Piccadilly Circus


Piccadilly Circus is a road junction and public space of London's West End in the City of Westminster. It was built in 1819 to connect Regent Street with Piccadilly. In this context, a circus, from the Latin word meaning "circle", is a round open space at a street junction.
The Circus now connects Piccadilly, Regent Street, Shaftesbury Avenue, the Haymarket, Coventry Street and Glasshouse Street. It is close to major shopping and entertainment areas in the West End. Its status as a major traffic junction has made Piccadilly Circus a busy meeting place and a tourist attraction in its own right. The Circus is particularly known for its video display and neon signs mounted on the corner building on the northern side, as well as the Shaftesbury Memorial Fountain and statue of Anteros.
It is surrounded by several notable buildings, including the London Pavilion and Criterion Theatre. Underneath the plaza is Piccadilly Circus tube station, part of the London Underground system.

History

Piccadilly Circus connects to Piccadilly, a thoroughfare whose name first appeared in 1626 as Piccadilly Hall, named after a house belonging to one Robert Baker, a tailor famous for selling piccadills, or piccadillies, a term used for various kinds of collars. The street was known as Portugal Street in 1692 in honour of Catherine of Braganza, the queen consort of King Charles II but was known as Piccadilly by 1743. Piccadilly Circus was created in 1819, at the junction with Regent Street, which was then being built under the planning of John Nash on the site of a house and garden belonging to a Lady Hutton; the intersection was then known as Regent Circus South and it did not begin to be known as Piccadilly Circus until the mid-1880s, with the rebuilding of the Regent Street Quadrant and the construction of Shaftesbury Avenue. In the same period the circus lost its circular form.
File:Piccadillycircus1896.gif|left|thumb|Piccadilly Circus in 1896, with a view towards Leicester Square via Coventry Street. London Pavilion is on the left, and Criterion Theatre on the right.
The junction has been a very busy traffic interchange since construction, as it lies at the centre of Theatreland and handles exit traffic from Piccadilly, which Charles Dickens Jr. described in 1879: "Piccadilly, the great thoroughfare leading from the Haymarket and Regent-street westward to Hyde Park-corner, is the nearest approach to the Parisian boulevard of which London can boast."
Piccadilly Circus tube station was opened on 10 March 1906, on the Bakerloo line, and on the Piccadilly line in December of that year. In 1928, the station was extensively rebuilt to handle an increase in traffic. The junction's first electric advertisements appeared in 1908, and, from 1923, electric billboards were set up on the facade of the London Pavilion. Electric street lamps, however, did not replace the gas ones until 1932. The circus became a one-way roundabout on 19 July 1926. Traffic lights were first installed on 3 August 1926.

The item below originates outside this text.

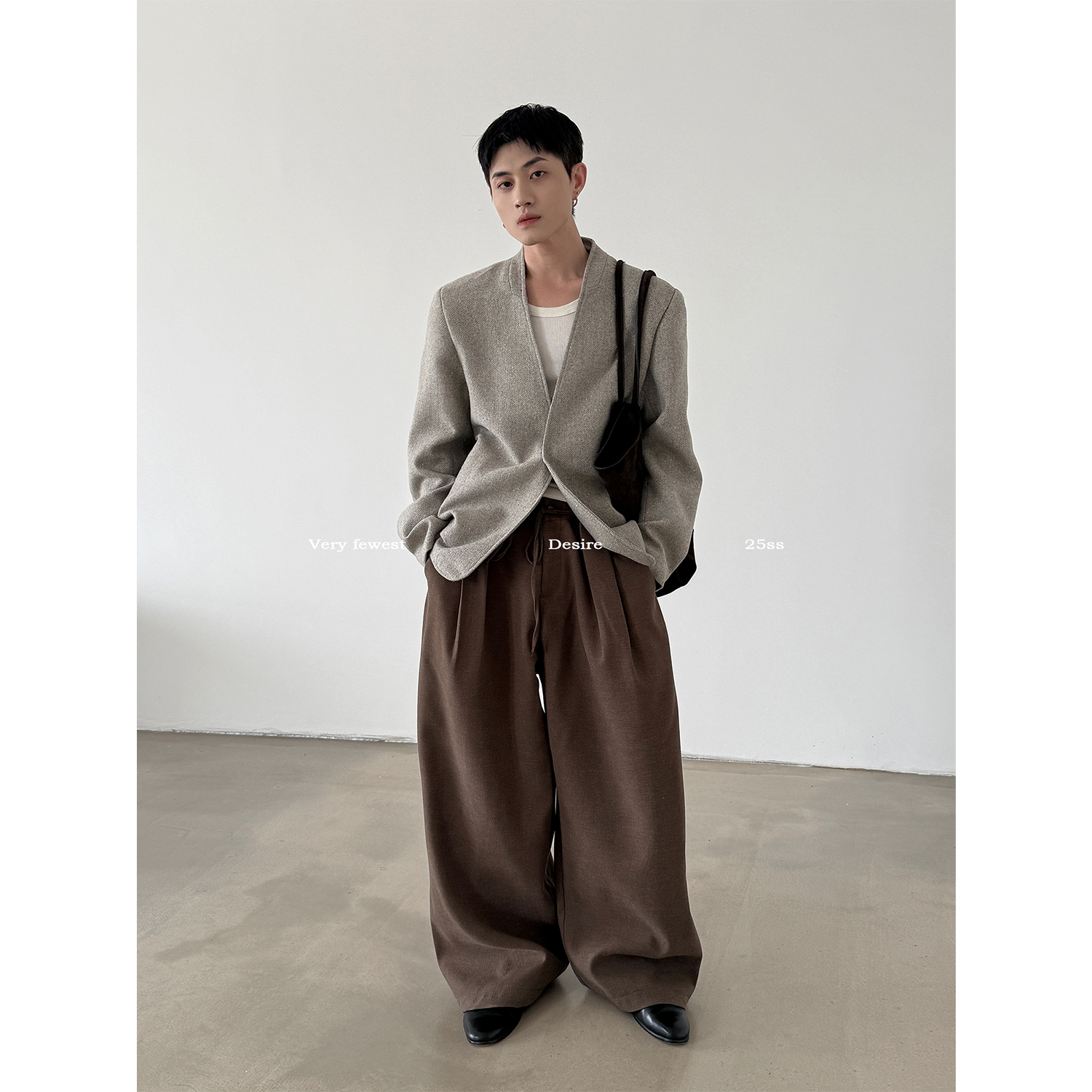 老钱无领廓形垫肩羊毛西装外套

During World War II many servicemen's clubs in the West End served American soldiers based in Britain. So many prostitutes roamed the area approaching the soldiers that they received the nickname "Piccadilly Commandos", and both Scotland Yard and the Foreign Office discussed possible damage to Anglo-American relations.

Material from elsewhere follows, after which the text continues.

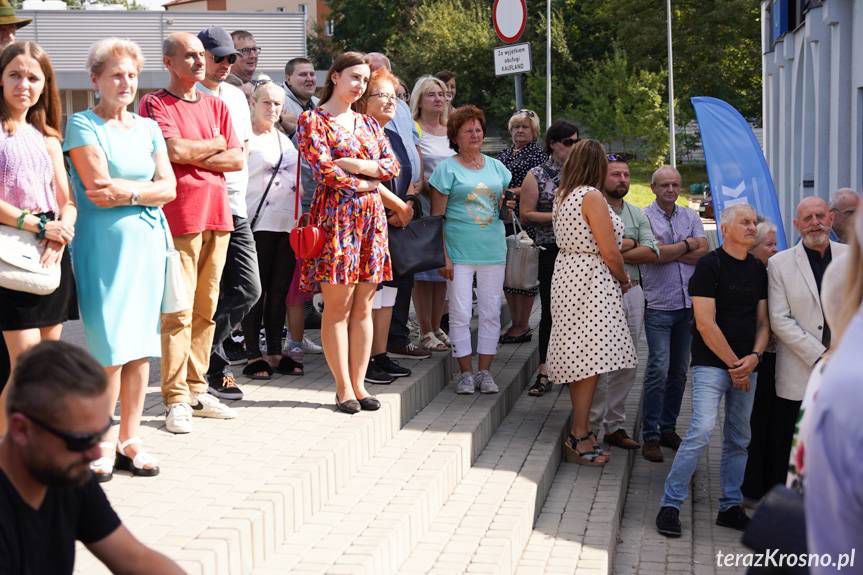 Murale i tablica na 100-lecie szkła w Krośnie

At the start of the 1960s, it was determined that the Circus needed to be redeveloped to allow for greater traffic flow. In 1962, Lord Holford presented a plan which would have created a "double-decker" Piccadilly Circus; the upper deck would have been an elevated pedestrian concourse linking the buildings around the perimeter of the Circus, with the lower deck being solely for traffic, most of the ground-level pedestrian areas having been removed to allow for greater vehicle flow. This concept was kept alive throughout the rest of the 1960s. A final scheme in 1972 proposed three octagonal towers to replace the Trocadero, the Criterion and the "Monico" buildings. The plans were permanently rejected by Sir Keith Joseph and Ernest Marples; the key reason given was that Holford's scheme only allowed for a 20% increase in traffic, and the Government required 50%.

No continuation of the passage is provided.